PROVIDED INFORMATION
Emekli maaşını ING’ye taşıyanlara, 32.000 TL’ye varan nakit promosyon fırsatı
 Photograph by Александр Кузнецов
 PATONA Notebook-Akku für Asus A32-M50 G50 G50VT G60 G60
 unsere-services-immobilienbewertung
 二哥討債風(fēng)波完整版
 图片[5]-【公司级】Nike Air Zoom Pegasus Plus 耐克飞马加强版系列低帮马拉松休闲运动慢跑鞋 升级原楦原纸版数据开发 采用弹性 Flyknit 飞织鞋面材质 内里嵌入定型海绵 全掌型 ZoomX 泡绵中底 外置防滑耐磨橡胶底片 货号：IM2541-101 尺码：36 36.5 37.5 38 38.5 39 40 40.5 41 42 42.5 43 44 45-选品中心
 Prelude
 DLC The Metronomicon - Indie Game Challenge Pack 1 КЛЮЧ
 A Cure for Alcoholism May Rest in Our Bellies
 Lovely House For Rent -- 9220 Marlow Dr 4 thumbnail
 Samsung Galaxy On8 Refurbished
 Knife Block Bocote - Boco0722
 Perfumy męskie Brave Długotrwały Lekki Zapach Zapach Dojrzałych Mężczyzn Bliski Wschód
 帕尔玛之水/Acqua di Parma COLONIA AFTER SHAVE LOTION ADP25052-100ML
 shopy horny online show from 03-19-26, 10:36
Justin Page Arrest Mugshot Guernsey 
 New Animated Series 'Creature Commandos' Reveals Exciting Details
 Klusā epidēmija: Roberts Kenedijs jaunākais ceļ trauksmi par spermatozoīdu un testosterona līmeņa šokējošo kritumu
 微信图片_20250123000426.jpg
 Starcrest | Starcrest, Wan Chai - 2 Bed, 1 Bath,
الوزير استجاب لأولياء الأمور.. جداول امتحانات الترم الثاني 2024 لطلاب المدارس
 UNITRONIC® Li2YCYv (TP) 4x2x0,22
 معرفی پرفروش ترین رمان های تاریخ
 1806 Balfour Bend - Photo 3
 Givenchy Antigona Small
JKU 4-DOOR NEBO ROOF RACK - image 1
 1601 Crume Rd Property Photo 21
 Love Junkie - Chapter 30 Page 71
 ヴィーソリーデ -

TASK DETAILS
Within the listing above, the range opens at the line with "DLC The Metronomicon" and closes at the line with "Justin Page Arrest Mugshot Guernsey". Reproduce exactly the lines of that range, including both ends.

COMPLETED TASK
 DLC The Metronomicon - Indie Game Challenge Pack 1 КЛЮЧ
 A Cure for Alcoholism May Rest in Our Bellies
 Lovely House For Rent -- 9220 Marlow Dr 4 thumbnail
 Samsung Galaxy On8 Refurbished
 Knife Block Bocote - Boco0722
 Perfumy męskie Brave Długotrwały Lekki Zapach Zapach Dojrzałych Mężczyzn Bliski Wschód
 帕尔玛之水/Acqua di Parma COLONIA AFTER SHAVE LOTION ADP25052-100ML
 shopy horny online show from 03-19-26, 10:36
Justin Page Arrest Mugshot Guernsey 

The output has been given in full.